- **Exercise materials**:
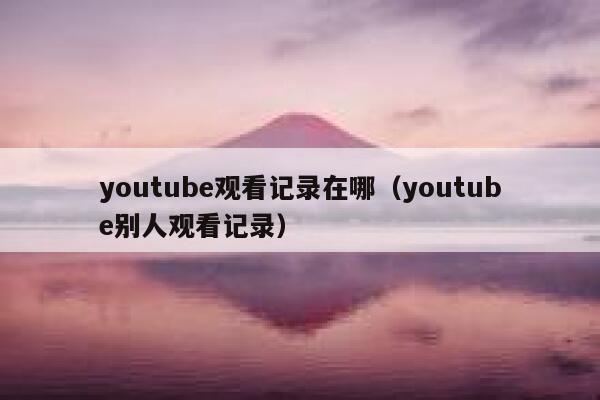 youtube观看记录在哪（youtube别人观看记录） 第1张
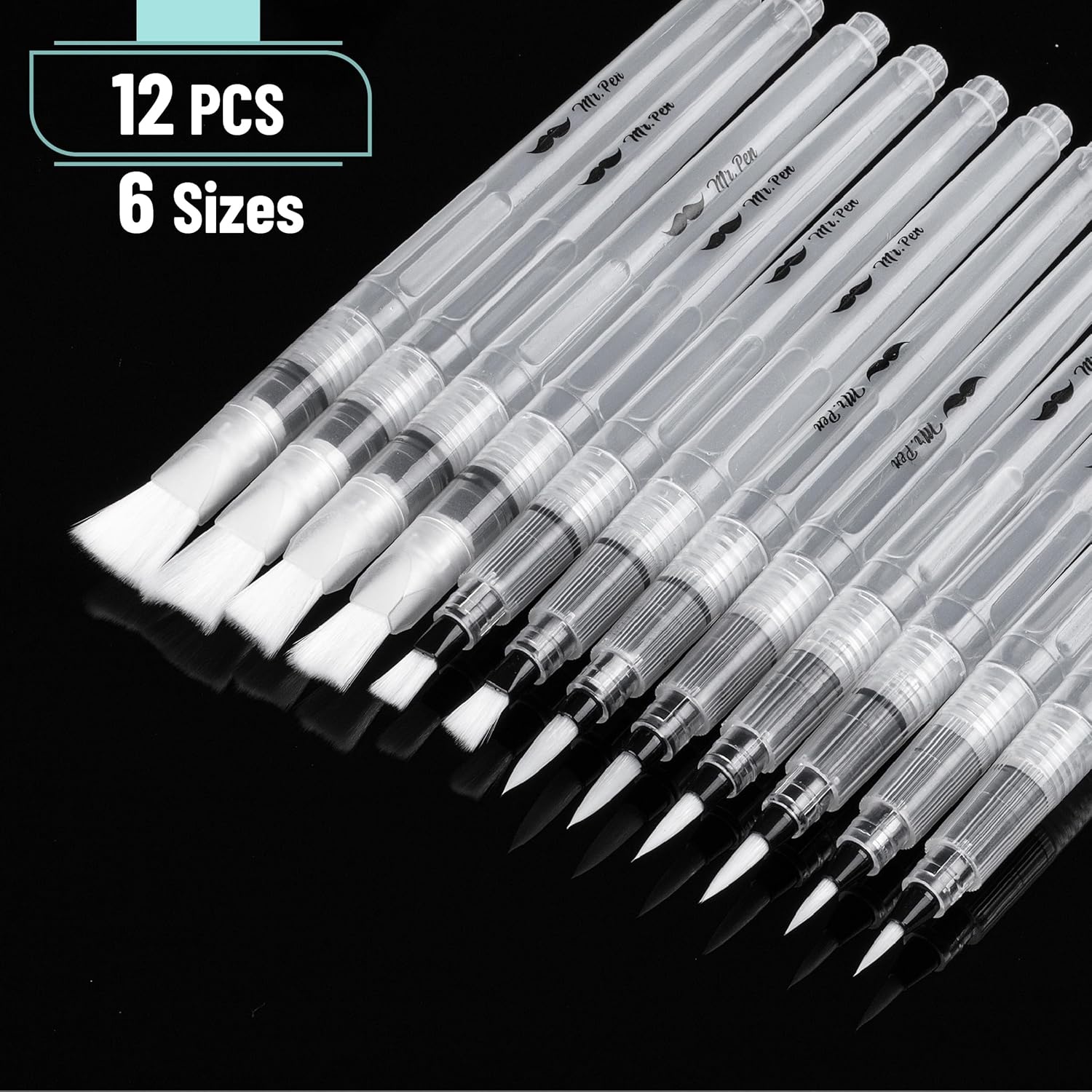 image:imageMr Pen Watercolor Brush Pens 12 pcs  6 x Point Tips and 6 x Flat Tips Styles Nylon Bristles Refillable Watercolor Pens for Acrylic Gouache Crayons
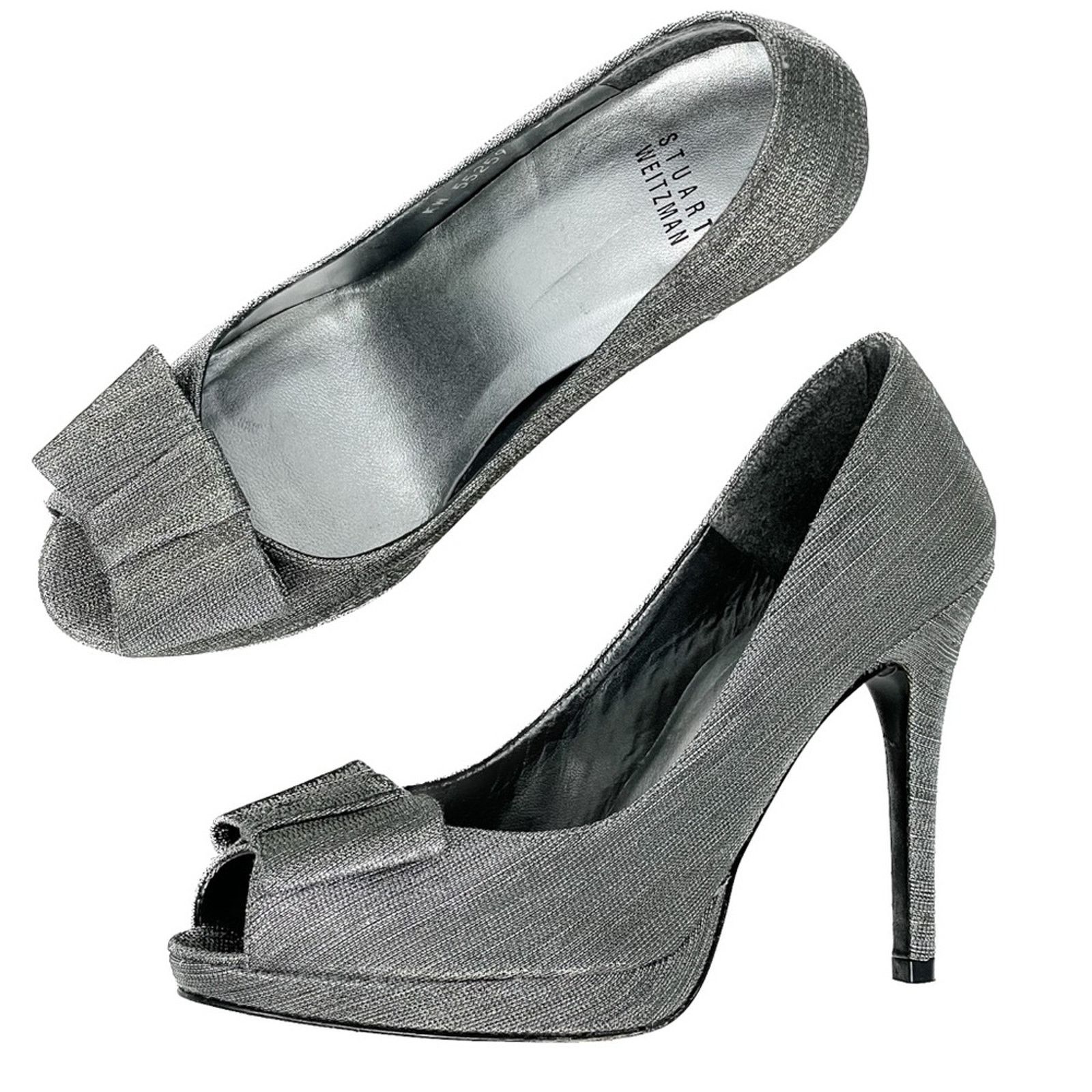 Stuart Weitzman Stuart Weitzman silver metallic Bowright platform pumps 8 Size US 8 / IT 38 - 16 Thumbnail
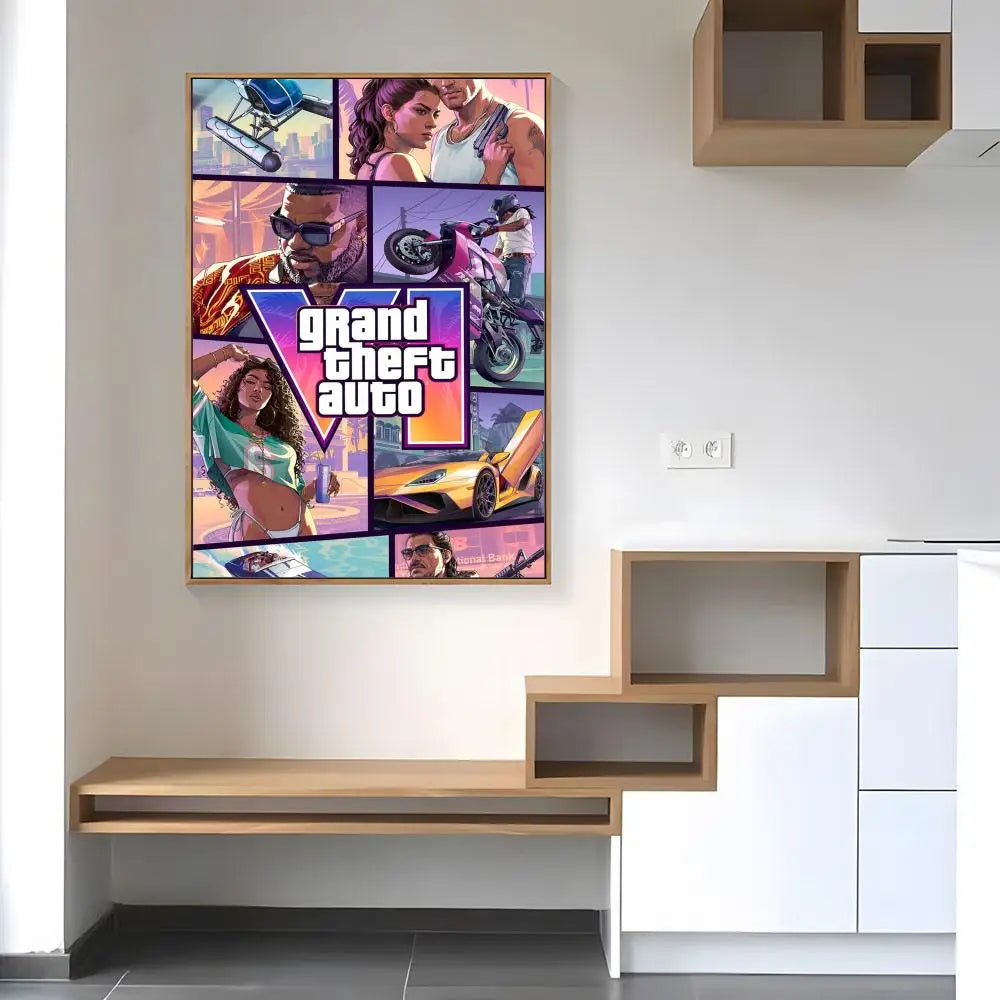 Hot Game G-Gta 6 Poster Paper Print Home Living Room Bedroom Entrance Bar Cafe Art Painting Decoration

---

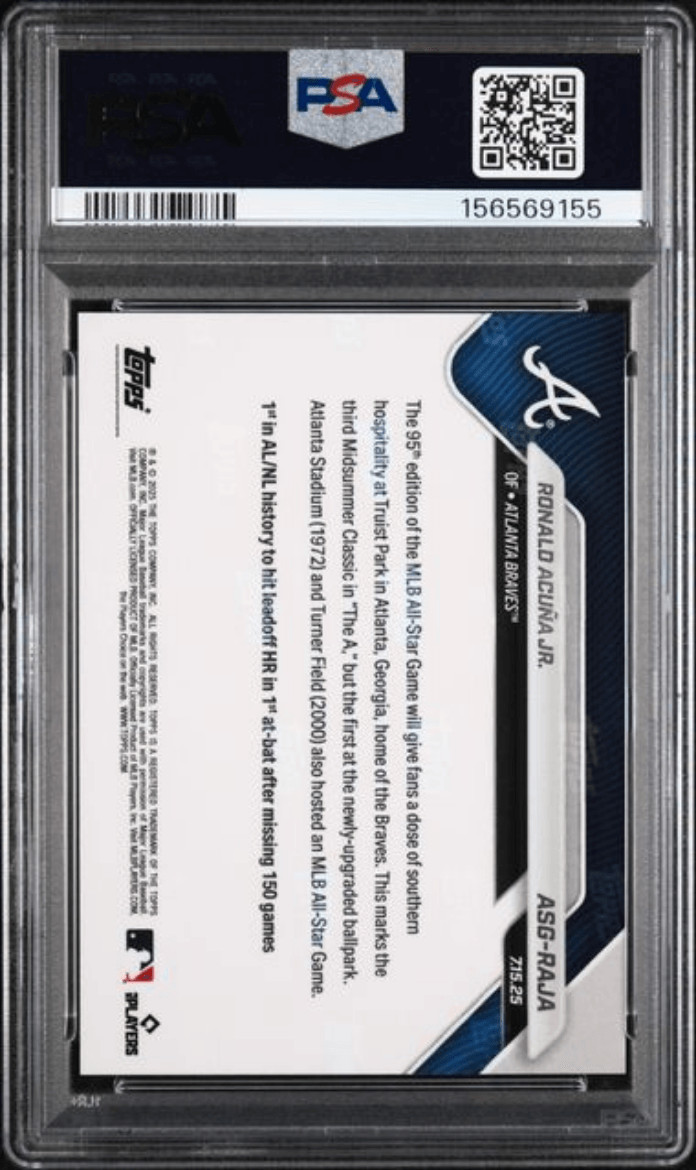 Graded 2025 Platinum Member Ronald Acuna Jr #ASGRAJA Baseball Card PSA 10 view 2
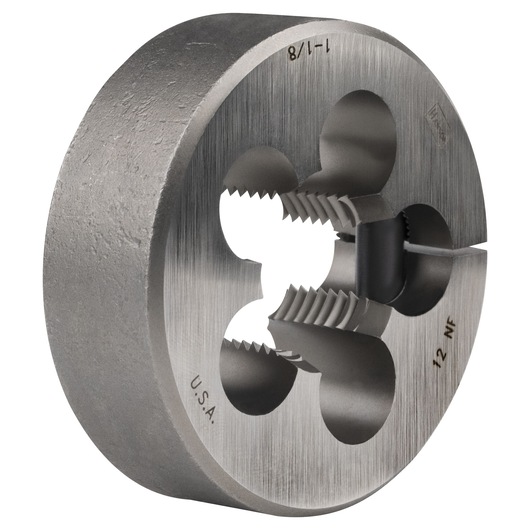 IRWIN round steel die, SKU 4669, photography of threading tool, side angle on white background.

- **Task item**:
In the listing above, find the line with "image:imageMr Pen Watercolor" and the line with "Hot Game G-Gta". Copy exactly those lines and all between them, minus the images.

- **Exercise solution**:
 image:imageMr Pen Watercolor Brush Pens 12 pcs  6 x Point Tips and 6 x Flat Tips Styles Nylon Bristles Refillable Watercolor Pens for Acrylic Gouache Crayons
 Stuart Weitzman Stuart Weitzman silver metallic Bowright platform pumps 8 Size US 8 / IT 38 - 16 Thumbnail
 Hot Game G-Gta 6 Poster Paper Print Home Living Room Bedroom Entrance Bar Cafe Art Painting Decoration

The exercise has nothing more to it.